BALADA TRISTE DE TROMPETA

 

2010 – ESPAGNE

 

Réalisé par Alex de la Iglesia

 

Avec Carlos Areces, Antonio de la Torre, Carolina Bang, Manuel Tallafé, Alejandro Tejerias, Manuel Tejada, Enrique Villen

 

THEMA FREAKS I TUEURS

Il est de plus en plus rare de s’asseoir dans une salle de cinéma et d’ignorer où le film que nous allons voir s’apprête à nous embarquer, puis de voyager de surprise en surprise, chaque rebondissement bifurquant dans une nouvelle direction inattendue, et de réaliser finalement que cet objet cinématographique s’avère insaisissable. Balada Triste est l’un de ces objets rares. À la fois reconstitution historique, histoire d’amour, comédie, drame et film d’horreur, ce spectacle incroyable se vit comme un tour de montagnes russes nous ballotant sans cesse d’une émotion à l’autre pour finalement nous laisser K.O. Soucieux de revenir à ses racines, Alex de la Iglesia décide pour la première fois de sa carrière d’écrire un scénario seul, sans l’apport de son fidèle comparse Jorge Guerricaechevarria, et bâtit un récit torturé dont chaque déchirure semble être une métaphore de l’histoire espagnole, marquée par la guerre, le fascisme et le terrorisme.

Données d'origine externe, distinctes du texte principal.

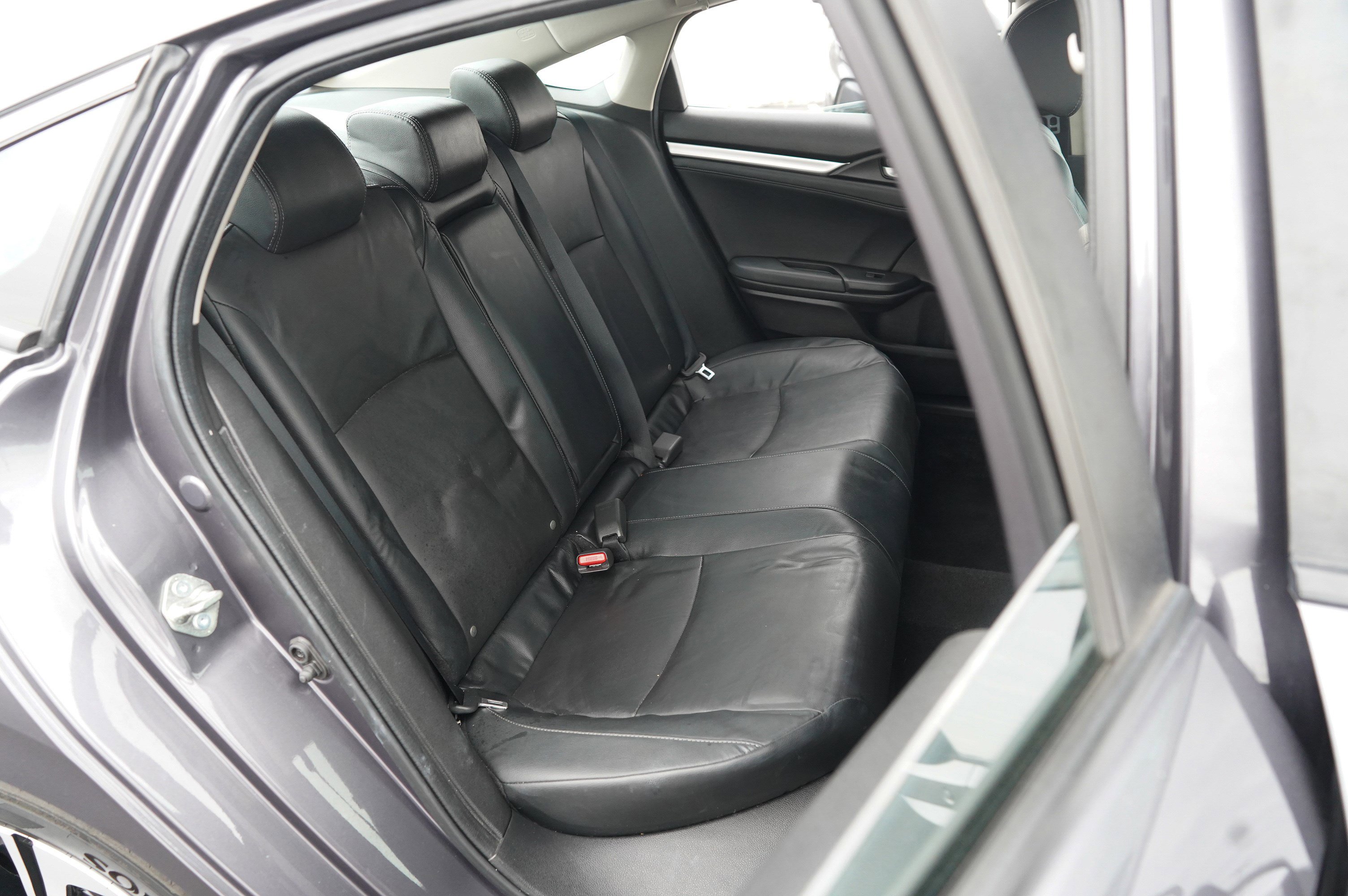 Used 2016 Honda Civic EX-L image 37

L’intrigue démarre en 1937, au cœur de la guerre civile. Interrompus au milieu d’une représentation, les artistes d’un cirque sont réquisitionnés par l’armée pour participer à l’effort de guerre. C’est donc par une vision surréaliste digne de Terry Gilliam que s’ouvre le film : celle d’un groupe de clowns armés jusqu’aux dents qui se ruent à l’assaut des troupes ennemies. Puis le récit se transporte 36 ans plus tard et prend pour protagoniste Javier (Carlos Areces), un clown triste en quête de travail qui n’est autre que l’alter-ego fictionnel d’Alex de la Iglesia lui-même. « Un héros qui entre dans la norme ne m’intéresse pas », nous explique le réalisateur. « Lorsqu’il souffre plus que nous-mêmes, l’identification est maximale et immédiate, comme dans les tragédies grecques. Voilà ce qui m’attire chez les héros marginaux. » (1) En voyant pour la première fois la sublime acrobate Natalia (Carolina Bang), Javier est frappé par un coup de foudre irréversible. Mais cette idylle naissante semble vouée à l’échec, la sculpturale artiste étant fiancée à Sergio, un autre clown au tempérament extrêmement violent (Antonio de la Torre).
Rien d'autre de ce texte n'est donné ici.